What needs to be done =
Please give every line below again exactly, but not its pictures.

Supplied material =
Content starts

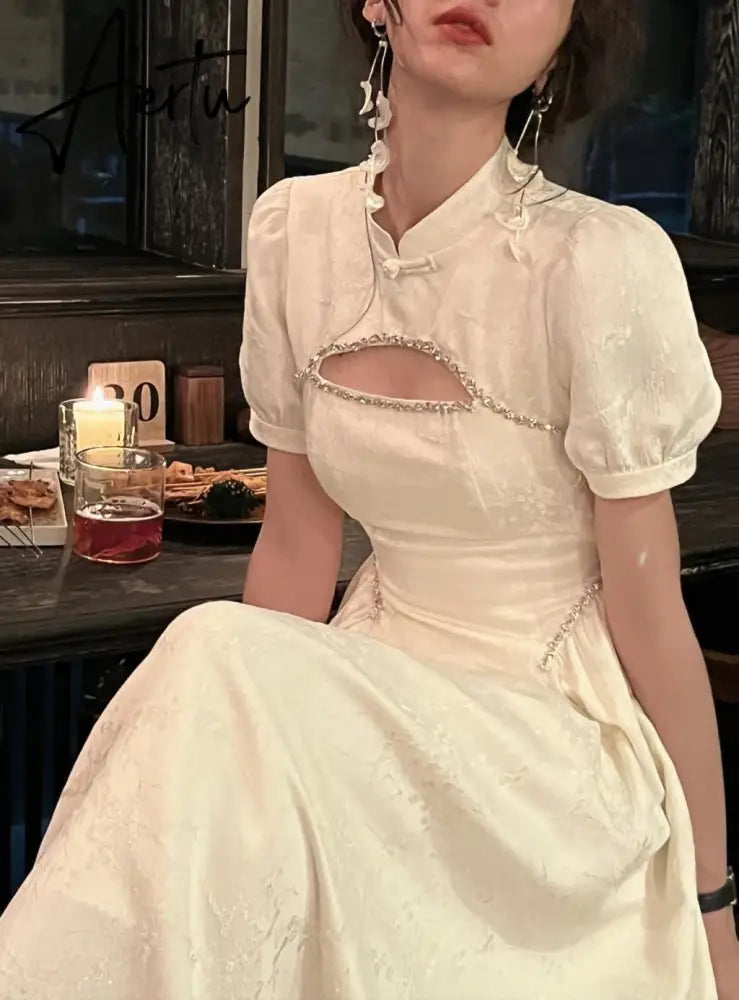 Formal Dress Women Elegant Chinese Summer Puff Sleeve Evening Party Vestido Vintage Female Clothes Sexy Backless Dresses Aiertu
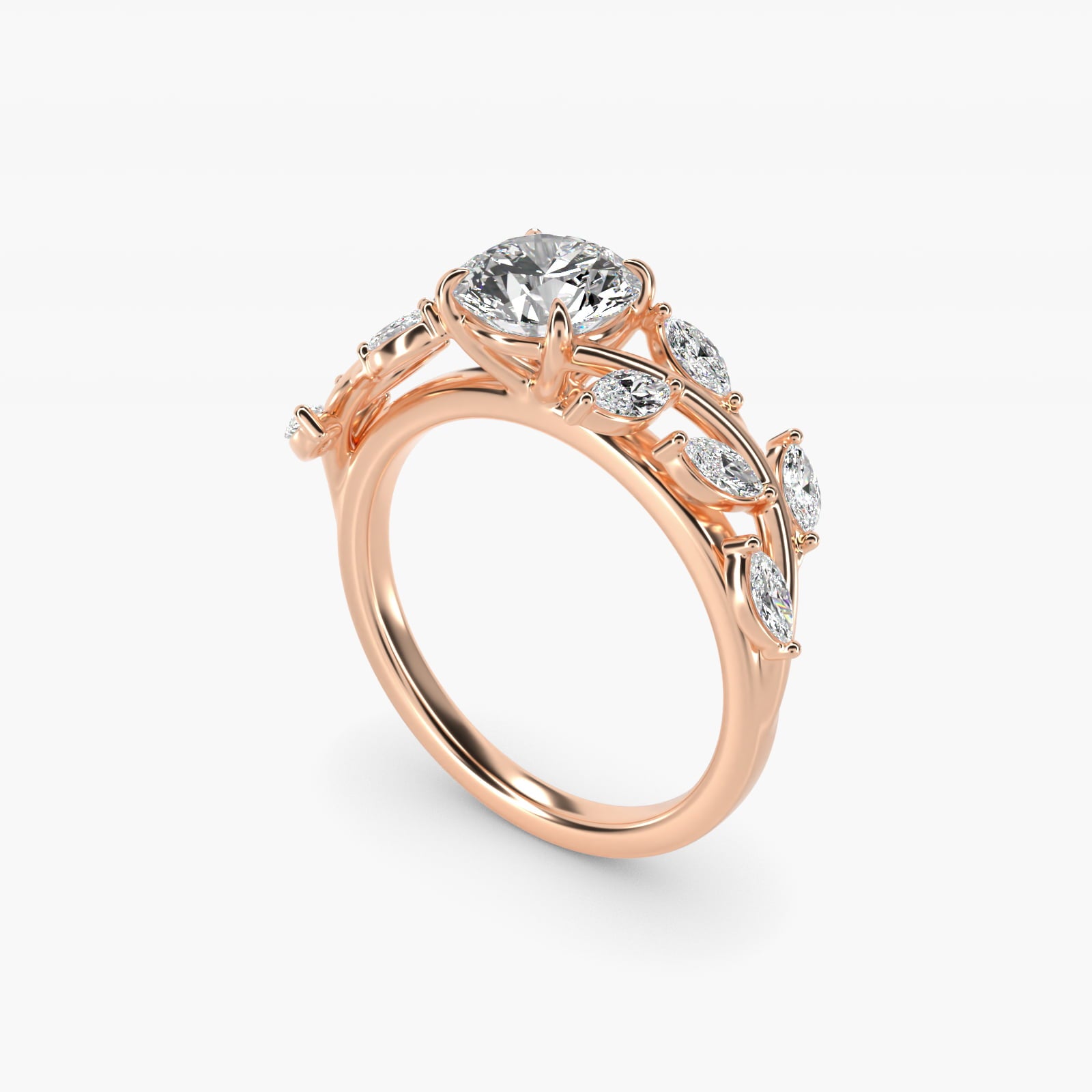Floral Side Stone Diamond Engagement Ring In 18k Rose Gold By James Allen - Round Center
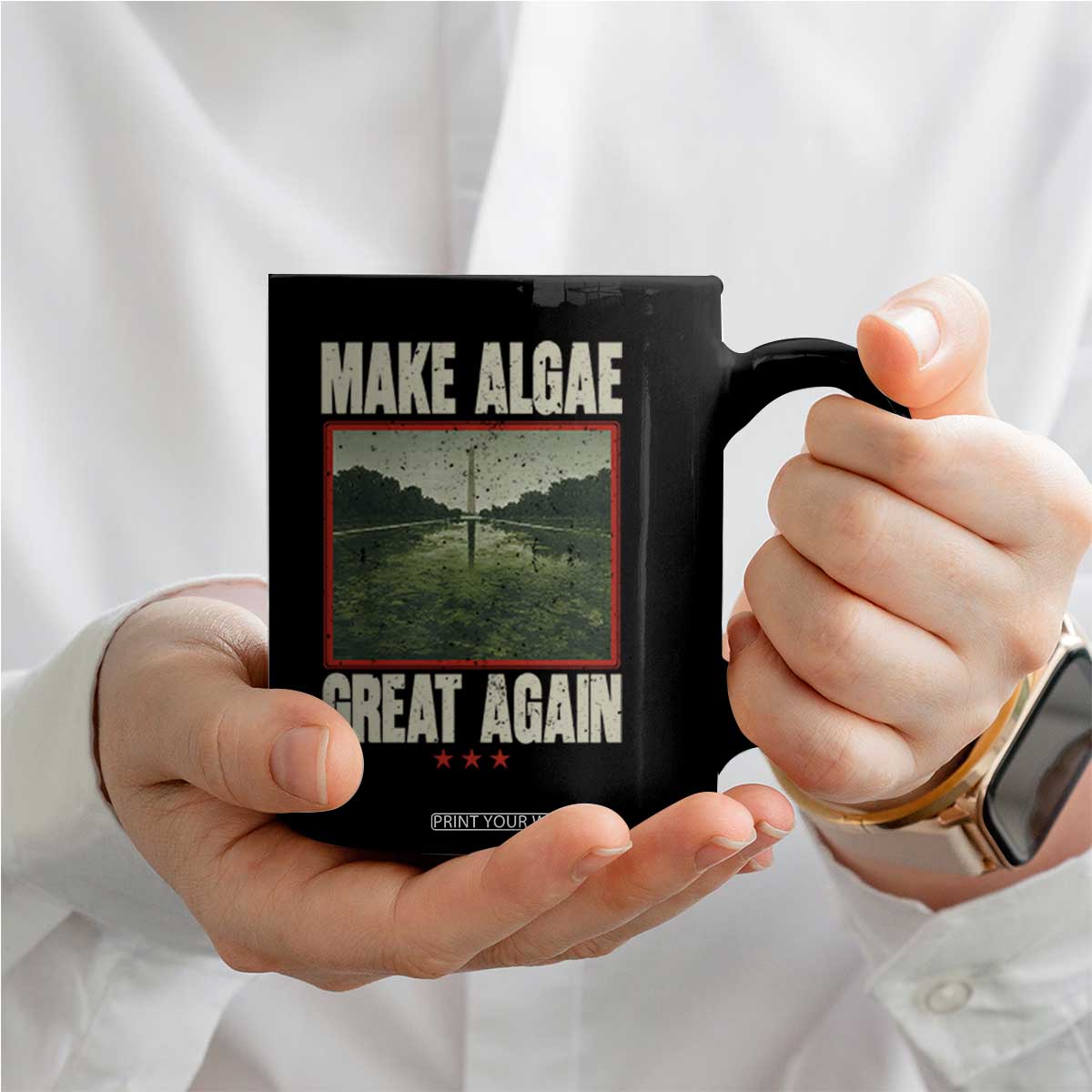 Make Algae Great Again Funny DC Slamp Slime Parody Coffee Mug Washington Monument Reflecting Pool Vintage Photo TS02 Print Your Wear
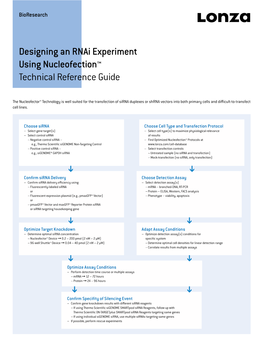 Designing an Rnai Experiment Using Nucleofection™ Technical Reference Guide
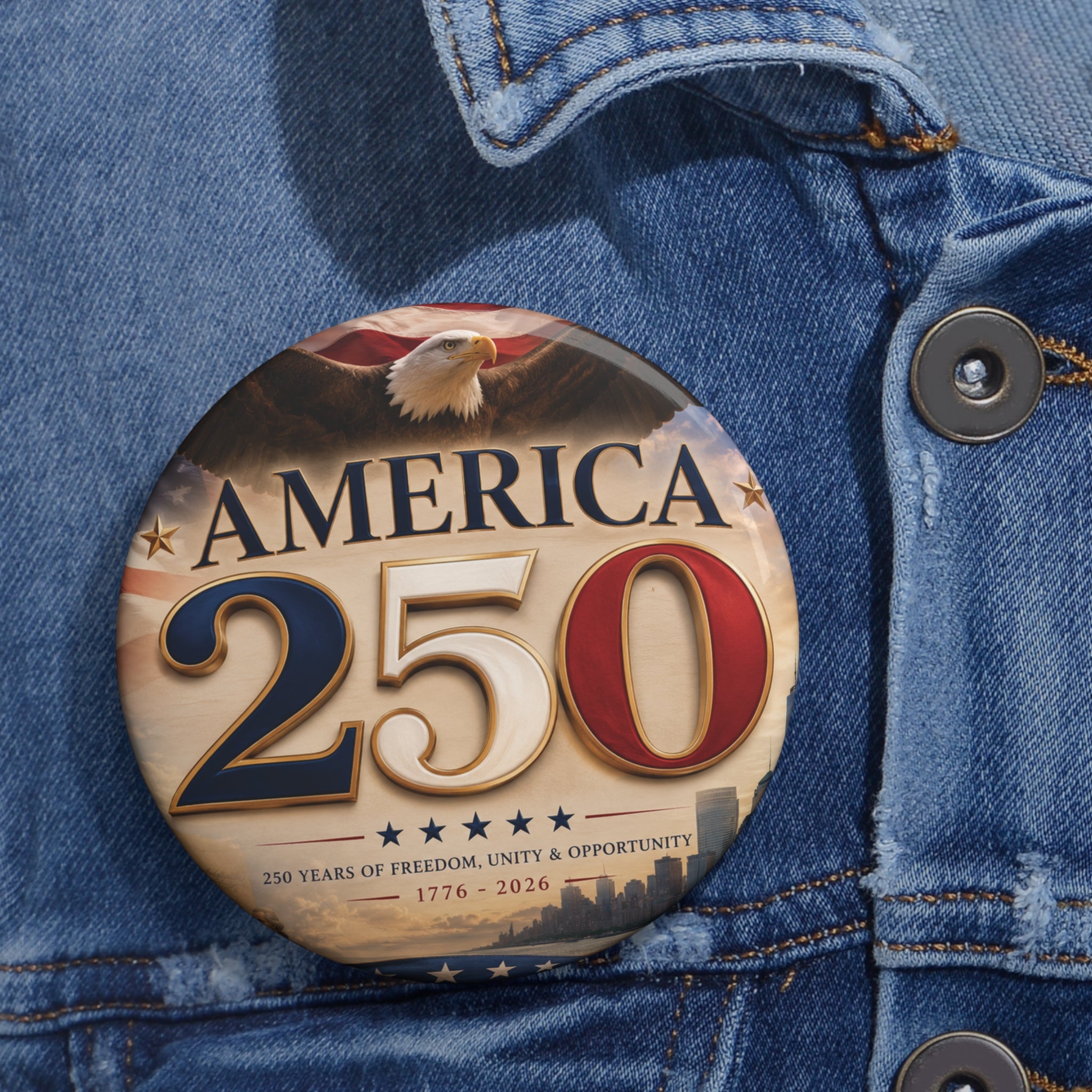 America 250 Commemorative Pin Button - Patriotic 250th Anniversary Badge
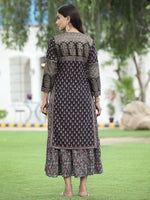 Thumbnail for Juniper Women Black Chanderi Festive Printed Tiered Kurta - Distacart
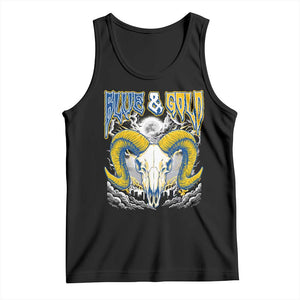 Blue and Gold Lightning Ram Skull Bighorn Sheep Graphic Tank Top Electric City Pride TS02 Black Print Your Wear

Content ends

Response area =
 Formal Dress Women Elegant Chinese Summer Puff Sleeve Evening Party Vestido Vintage Female Clothes Sexy Backless Dresses Aiertu
Floral Side Stone Diamond Engagement Ring In 18k Rose Gold By James Allen - Round Center
 Make Algae Great Again Funny DC Slamp Slime Parody Coffee Mug Washington Monument Reflecting Pool Vintage Photo TS02 Print Your Wear
 Designing an Rnai Experiment Using Nucleofection™ Technical Reference Guide
 America 250 Commemorative Pin Button - Patriotic 250th Anniversary Badge
 Thumbnail for Juniper Women Black Chanderi Festive Printed Tiered Kurta - Distacart
 Blue and Gold Lightning Ram Skull Bighorn Sheep Graphic Tank Top Electric City Pride TS02 Black Print Your Wear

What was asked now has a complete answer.